But (if you're an architect) put aside your deep seated 'modernist' conditioning for a minute and consider how bland and utilitarian the space would be without these 'traditional' touches and realise that once again, Maguire & Murray have 'judged' it just right.
As we went round, the Abbess regaled us with a litany of complaints regarding the user-friendliness of Maguire & Murray's work at the Abbey; the honeycombed windows are a nightmare to clean, the position of lighting in the church makes for inflexible use of the space and the change in character between the main church and the public/entrance vestibule means that a torrent of condensation pours down at the junction between the two in early spring.  The deep precast semi-circular window surrounds house almost inaccessible and highly impractical single-pane, vertical, centre-pivot windows with nothing but surface mounted neoprene gaskets for stops.
Many changes have had to be carried out to the original building, some quite soon after completion; the columns for example had to be introduced after major structural engineering errors meant that the original floating concrete soffit was untenable; various subtle level changes conceived by Maguire & Murray in line with their liturgical philosophy had to be expunged soon after for access reasons.  The tightly interrelated set of fine judgements instituted by Maguire and Murray at the Abbey has been disrupted but the power, serenity, beauty and quality of the architecture has become none the poorer for it.  It reminds me, for example, of the way in which Inigo Jones’ vision for Covent Garden retains it’s essential power despite the drastic changes the precinct and the church has undergone over the centuries, a mark of truly great architecture?

plans showing original column-free design and level changes
Although the building itself has tolerated and accommodated changes admirably, it seems that the architects themselves were not able to do so.  They were apparently so hurt by the Abbey’s choice to mitigate the major structural failure by installing concrete columns rather than opting for the prohibitively expensive partial rebuild required to preserve the original concept, that they never returned.  But this didn’t bother the Abbess half as much as the architect’s decision to employ an ill-conceived lighting arrangement, originally employed at the chapel, in a subsequent church design after the Abbess had informed them that it didn’t work, ‘Sheer arrogance!’ she said.  It was Confucius that said that a person’s qualities belong to a ‘set’, perhaps the sensibility required to pull off such a great piece of architecture is inseparable from this arrogant obstinate streak?
I asked the elderly Abbess, who has been there through it all, whether she, in her private moments 'cursed' the architects for all the additional costs and on-going issues, to which she replied 'Not at all, it's lovely', an answer reminiscent of Alexander Pope's line 'Proud to catch cold at a Venetian door', food for thought.

Friday 3 February 2012

AR's 'Big Rethink', letter to Editor, Feb 2012 - Full text

Dear Madam,

The AR's 'Big Rethink' is a welcome change from the coffee table nature of many of it's past building studies.

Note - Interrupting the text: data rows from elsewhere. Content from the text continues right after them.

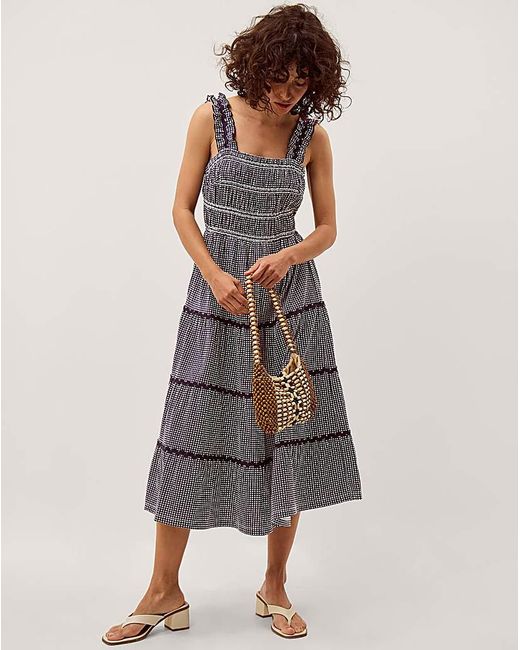Monsoon Blue Glori Gingham Jersey Midi Dress
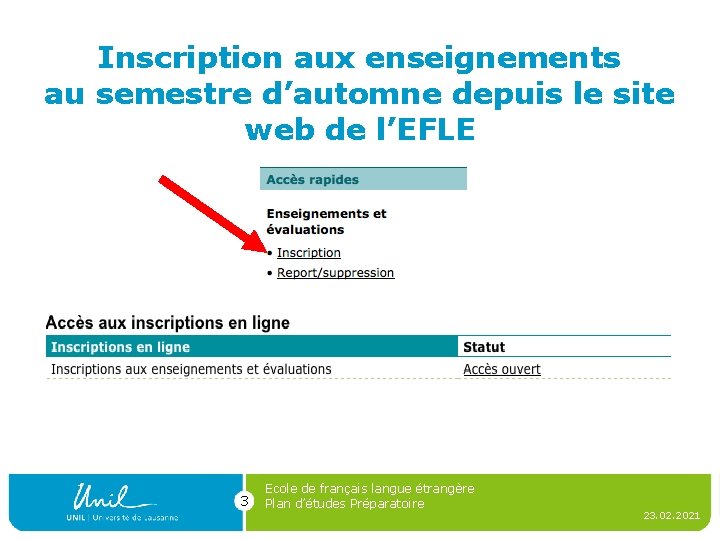 Inscription aux enseignements au semestre d’automne depuis le site web de l’EFLE 3 Ecole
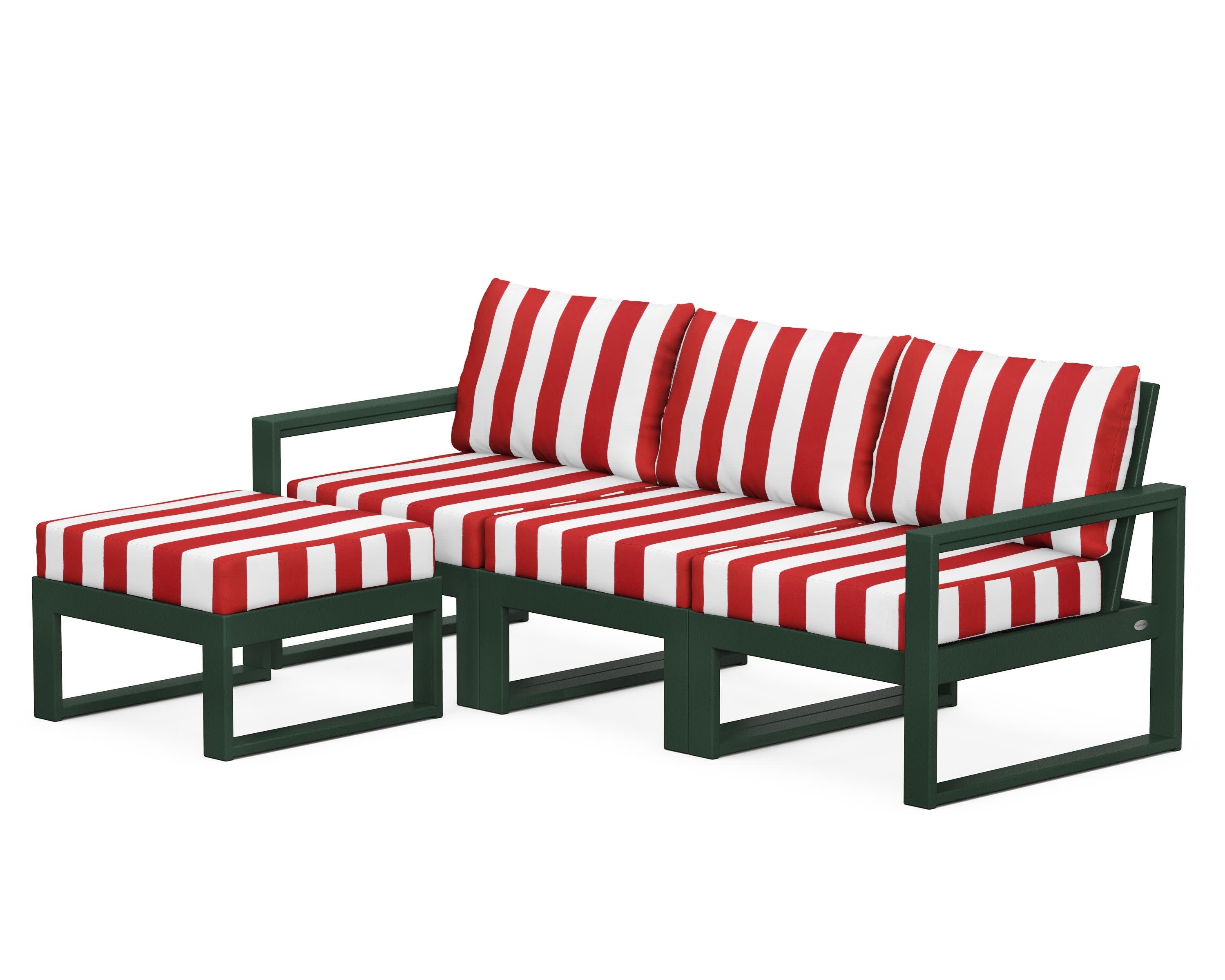 EDGE 4-Piece Modular Deep Seating Set with Ottoman in Green / Cabana Stripe Crimson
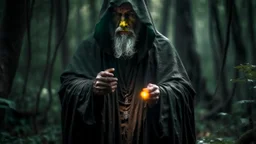 The hooded sorcerer in the forest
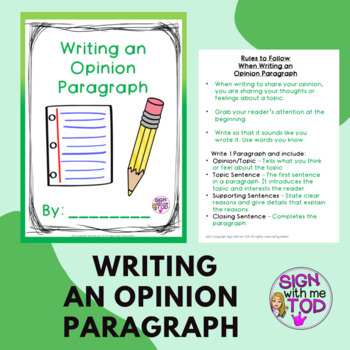 Preview of Writing an Opinion Paragraph - Example & Template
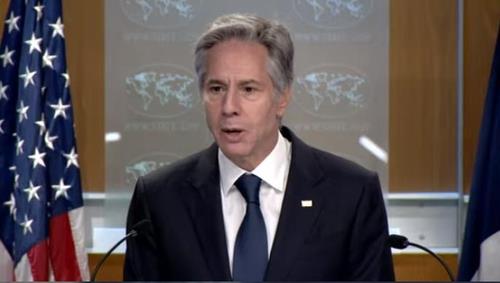 U.S. Secretary of State Antony Blinken is seen speaking during a press briefing at the department in Washington on Aug. 15, 2023 in this captured image. (Yonhap)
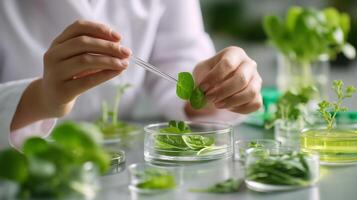 Scientist conducting plant research in a laboratory while examining green leaf samples during a study photo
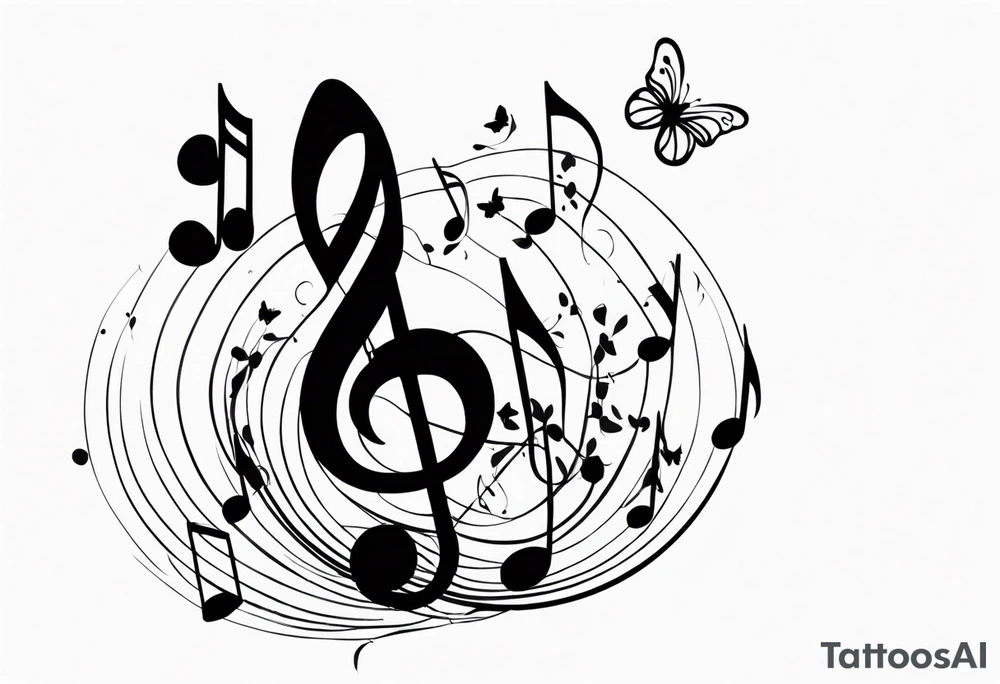 music notes and butterflies with balloons tattoo idea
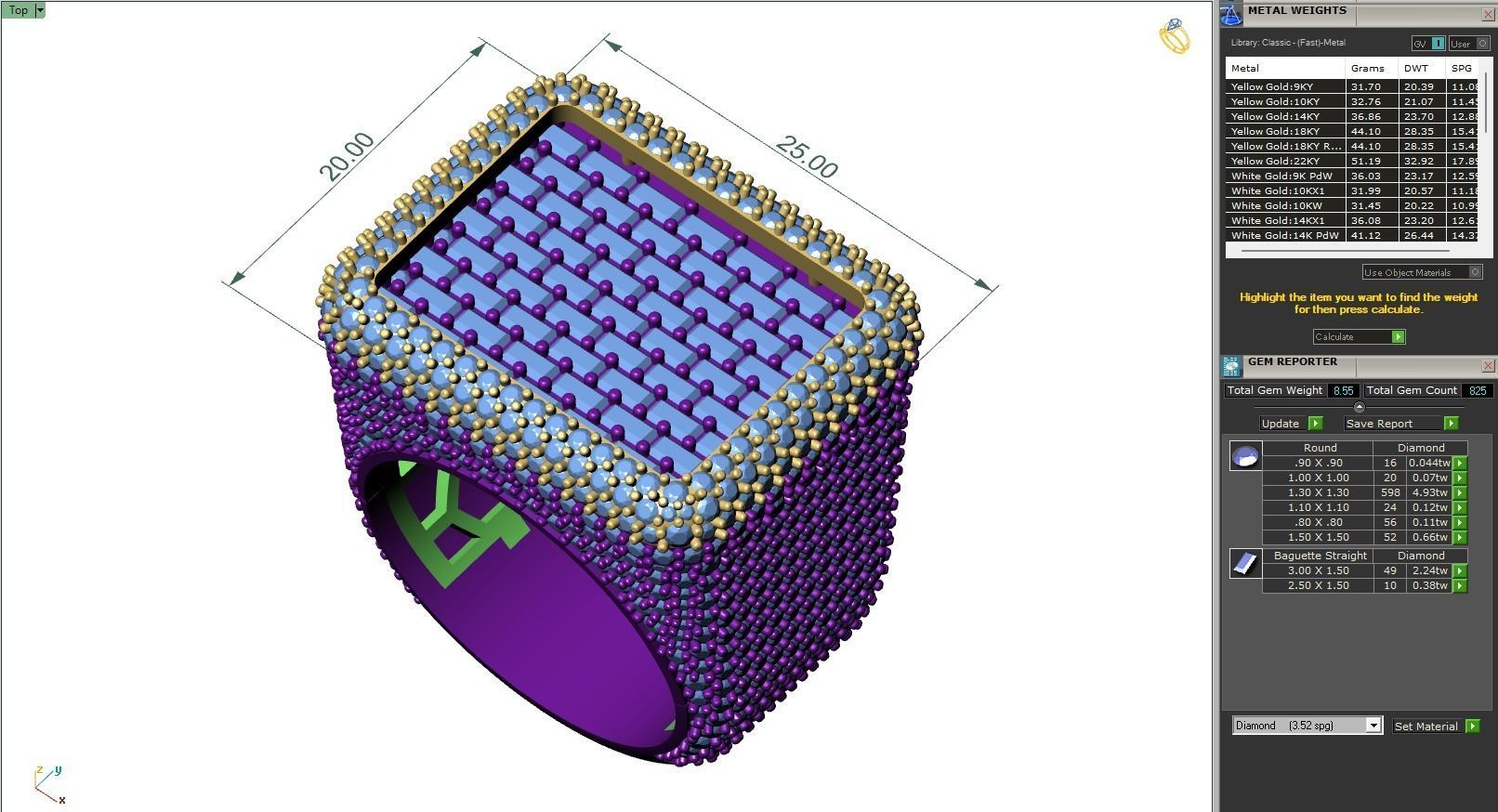 Custom Championship Rectangle Shape Baguettes  Diamond Ring  3D print model_6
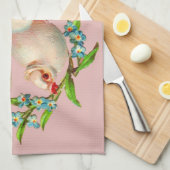 mooie witte duif met kraag in zijn mond theedoek (Quarter Fold)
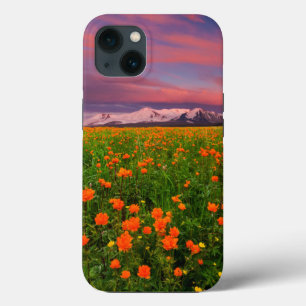 Flowers Wildflower Field Snowcapped Mountains iPhone 13 Case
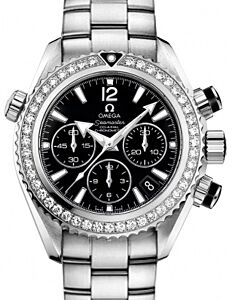 Omega 222.38.38.50.01.001 Planet Ocean 600M Co-Axial Chronograph 37.5mm Black Diamond Bezel Stainless Steel BRAND NEW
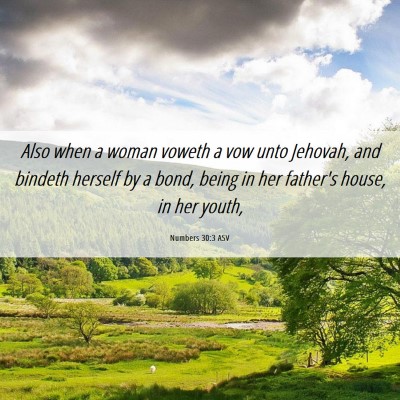 Picture 06 - Numbers 30:3 ASV - Also when a woman voweth a vow unto Jehovah, and - Bible Verse Picture
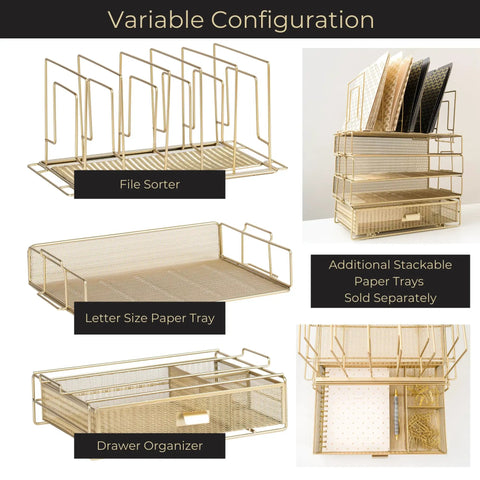 Gold Desk Organizer Set with Detachable File Organizer, Stackable Paper Tray, and Storage Drawer for Modern Office Desk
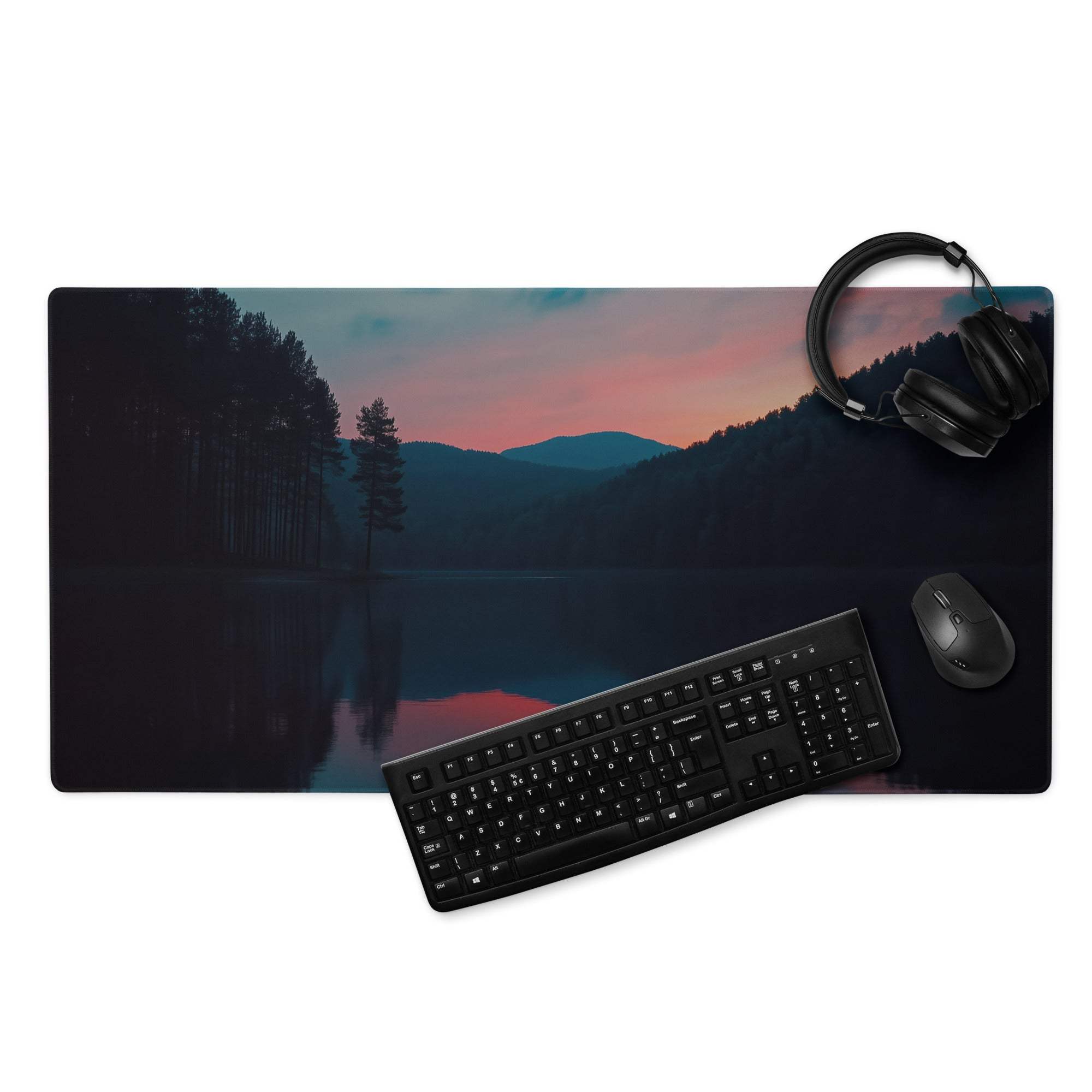 Large non-slip gaming mouse pad with serene sunset lake landscape for Dota CSGO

However, Peter Buchanan's article has come too late to have any meaningful effect, and even after the same points have been raised by contributors to other periodicals. This is due more to the timing of the AR's new direction than any fault on Buchanan's part.

Where the Buchanan article has perhaps trumped other similar offerings, is in the severity and urgency of it's tone and in the direct -albeit qualified- criticism of named practices; a dubious honour, but Buchanan has probably only written what has already been said at dinner parties, cafes and lecture theatres across the UK at least, over the past few years.


The targets of Buchanan's ire are notable by their almost complete absence from contemporary architectural theoretical discourse; they are the architectural equivalent of the Football world's 'Galacticos'; great names of the past who have become victims of their own successes and who are not likely now, to suffer significantly from negative criticism. There are many other architects who are just as guilty of the 'sins of the starchitect', or at least would be , given the choice between growing their practice off the back of a large prestigious job and turning such a job down for ethical reasons. There is a reason why Peter Zumthor is unique.



David Beckham, Figo, Ronaldo & Zidane were well past it by the time they joined the 'even more past it' Raul to form the 'Galacticos' at Real Madrid FC. Football's equivalent of the 'Justic League'.


No, I fear that there is more to the malaise which presently afflicts architecture than the simple cult of the starchitect. Ultimately we must as architects and theorists admit our powerlessness in the face of larger forces. Modernism was the child of the Industrial Revolution, leading to an unprecedented break in the continuing evolution of craft techniques that had always underpinned architecture, but which had never been properly acknowledged.


This meant that the technical and cultural failures of many of the products of Modernism were probably inevitable.

But what happened subsequently was certainly not inevitable. The fact that architects and theorists never learned from those initial mistakes and continued to assert in their lectures, publications and commentaries- with ever more delusional vehemence - the autonomy of the heroic artiste-architect, led to the repetition of the same cultural and technical failures as before.

In fact it has only been in the last 10 -15 years that the architectural profession, at least in the UK, has begun to see building production in a more interdisciplinary light. This has only occurred because the profession's delusions regarding it's independence have led other actors - contractors, QS's and clients - to lose patience with it and to develop ways of procuring buildings that rely ever less on architects. They will not tolerate another repeat of the failures of Modernism.

If architects and theorists had learned the initial lessons and had developed a Postmodernism that was more responsive to societal needs -such as Peter Buchanan has enunciated - and less self-indulgent, then we may well not have been where we are now as a profession.

Personally I'm interested in how and why this happened. How did the soothe-sayers and the kings (theorists /critics and the architects they taught) get it so wrong? Buchanan talks of Eisenman having gotten away with it for all these years but, like Rogers and Bernie Madoff (to draw parallels with another more immediately significant crisis for a moment) he is an easy target and is not alone in his guilt.

However, it must also be acknowledged that there are some people who, like Nouriel Roubini, can feel satisfied that they at least, have been doing justice to their vocations as opposed to milking them.

In the mid-nineties, when I started training, and when the building boom that has just ended was about to get into full swing, Kenneth Frampton was way ahead of the game with his 'Studies in Tectonic Culture'.



In Switzerland, Sergison Bates architects have just completed yet another 'cheap plain building with quiet unobtrusive dignity', the type which Buchanan has rightly identified as being tragically beyond the reach of most architects, but which Sergison Bates seem to have mastered. It says much about the current state of affairs in this country that practices like theirs seem more welcome on the continent than in the UK.



In the 1970's (when I was born) the unfashionable Robert & Brenda Vale carried out their autonomous house project and concluded that the continuing growth of cities (and the economic growth that underpins it) is not compatible with sustainable development. Increasingly, it's looking as if they were right but few in the profession have really taken them seriously.

Alas for the AR, Buchanan and others like them, because the horse bolted a long long time ago.